Alun Howkins relates Thomas’s construction of ‘Lob’ to the historical moment when “village England” became an object
of nostalgia; when ‘Hodge’, the stereotypical lumpen-labourer, was replaced by an archetypal repository of vanishing lore (see ‘From Hodge to Lob: Reconstructing the English farm labourer, 1870-1914’, in eds, Malcolm Chase and Ian Dyck, Living and Learning [Menston: Scolar Press, 1996], 218-35). Raymond Williams argues that Thomas romanticises the rural worker to create a dubious mystique of Englishness: ‘All countrymen, of all conditions and periods, are merged into a singular legendary figure. The varied idioms of specific country communities – the flowers, for example, have many local names – are reduced not only to one “country” idiom but to a legendary, timeless inventor, who is more readily seen than any actual people’ (The City and the Country [London: Chatto & Windus, 1973], 257).
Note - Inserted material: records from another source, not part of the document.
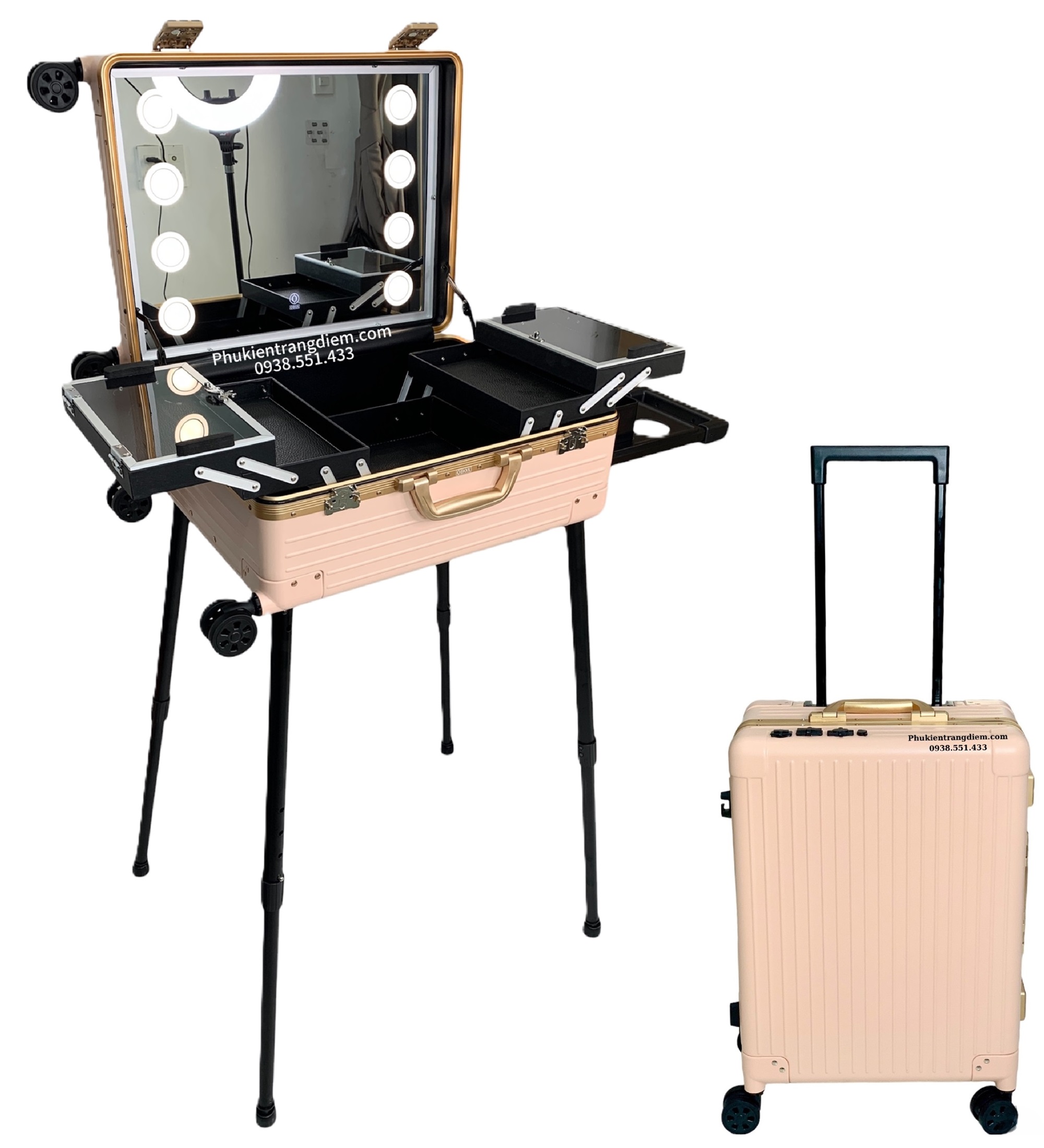 Cốp vali đựng đồ trang điểm chuyên nghiệp màu hồng vỏ nhựa khung nhôm gương đèn led chỉnh màu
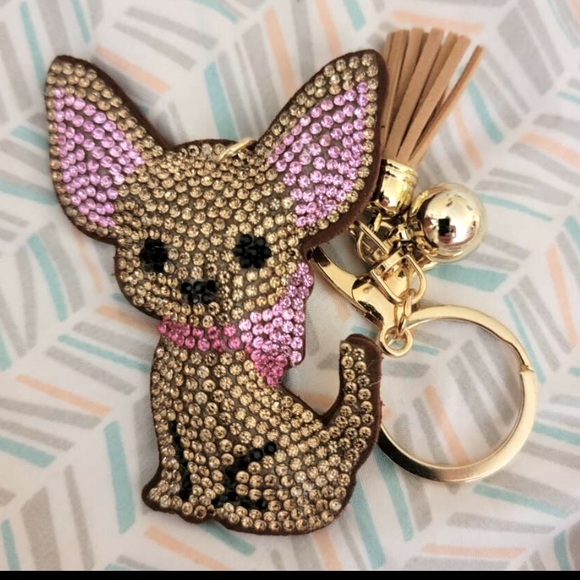Rhinestone Chihuahua Tassel Bag Charm & Keychain - Picture 5 of 6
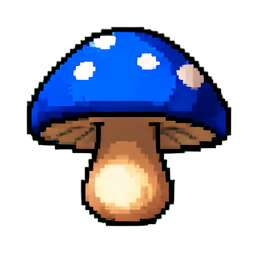 Mushroom Blue - 256x256 pixel art sprite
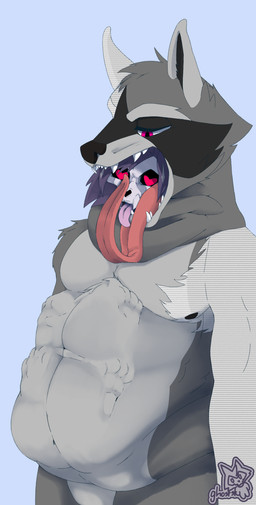 abdominal_bulge almost_fully_inside anthro anthro_pred anthro_prey belly biped body_outline bone bone_mask duo feet_first foot_imprint fur fur_tuft grey_body grey_fur half-closed_eyes hand_imprint head_in_mouth heart_eyes heart_symbol imprint long_tongue looking_down male male/male male_pred male_prey mask narrowed_eyes neck_bulge nipples oral_vore partially_inside purple_body purple_fur same_size_vore simple_background skull skull_mask soft_vore standing teeth tongue tongue_out tuft unusual_fur_pattern vore willing_prey ghostst ghost_(ghostst) felid feline mammal procyonid raccoon skullcat_(species) absurd_res hi_res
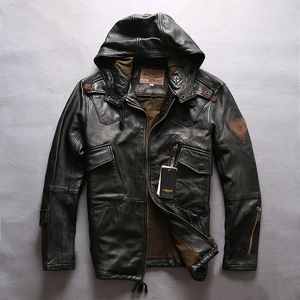 2019 black AVIREXFLY genuine leather jacket with hoody flight sheepskin leather jackets with ykk zipper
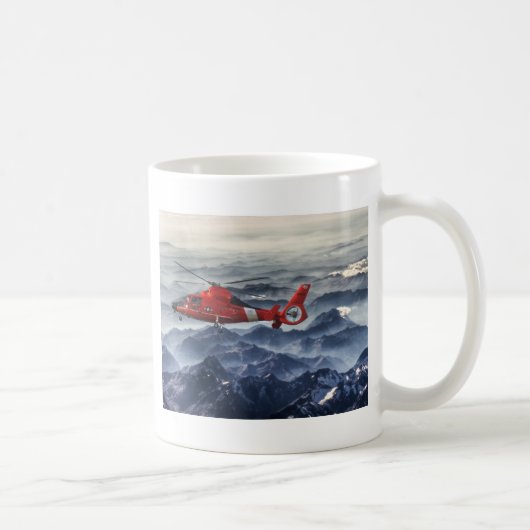 沿岸警備隊のヘリコプター コーヒーマグカップ (右)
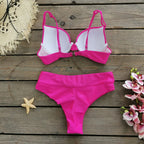 Cheap Push Up Bikinis Women Swimsuits  Solid Padded Women Swimwear Vintage Female Swimsuit High Waist Biquini Bathing Suit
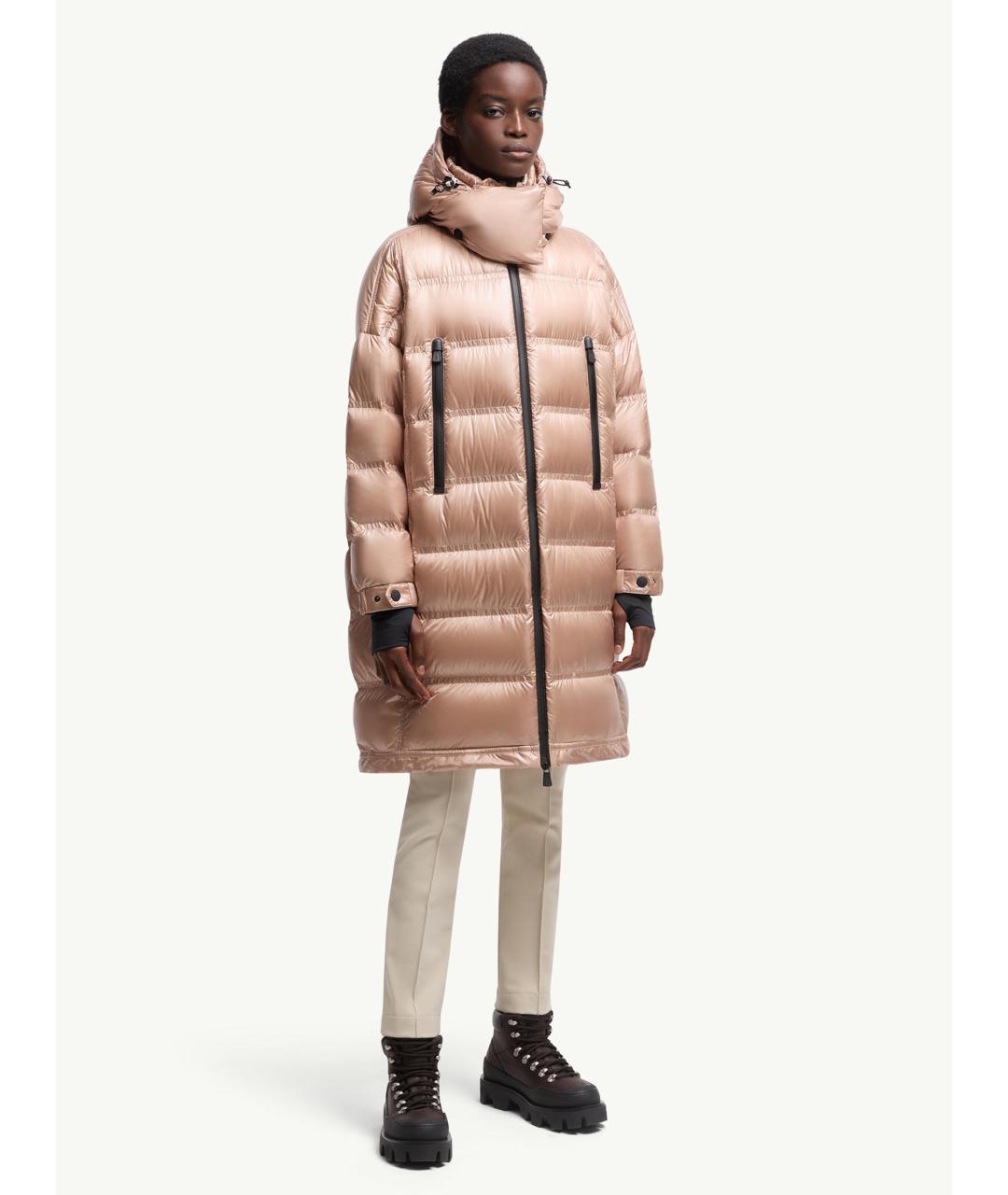 MONCLER Розовый полиамидовый пуховик, фото 3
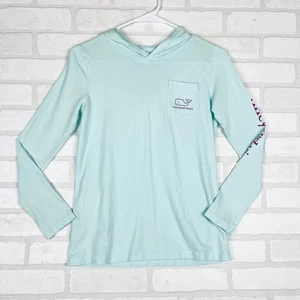 Vineyard Vines Edgartown Long Sleeve Hoodie Tee in Aqua Haze Lids Large (14) - Picture 1 of 15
For David Gervais, however: ‘What redeems [Lob] and distinguishes it from other exponents of “Englishness”, is that it is honest enough not to pretend to some privileged vision of England…The poem is too subtle and too light to give us the option of falling back on words like “nation” and “race” to explain everything. We end simply in Wiltshire, with particular places and things, reminded of the battles still to come in Flanders’ (Literary Englands [Cambridge: Cambridge University Press, 1993], 63). Yet Gervais, like Williams, sees Thomas as failing to ‘give the social and political England of his time an adequate place in his verse’ (63-4). According to Smith, the poem knows this, since it effectively ‘admits’ that ‘Lob’ is obsolescent or ‘ghostly’: ‘the defiance [of “He never will admit he is dead”] is really the posthumous bravado of a ghost refusing his own mortality…the intangibility and evasiveness of Lob becomes the figure of a larger loss. This spirit of England is already no more than an image within the brain, an illusory site for all that the wandering subject feels dispossessed of’ (SS, 82).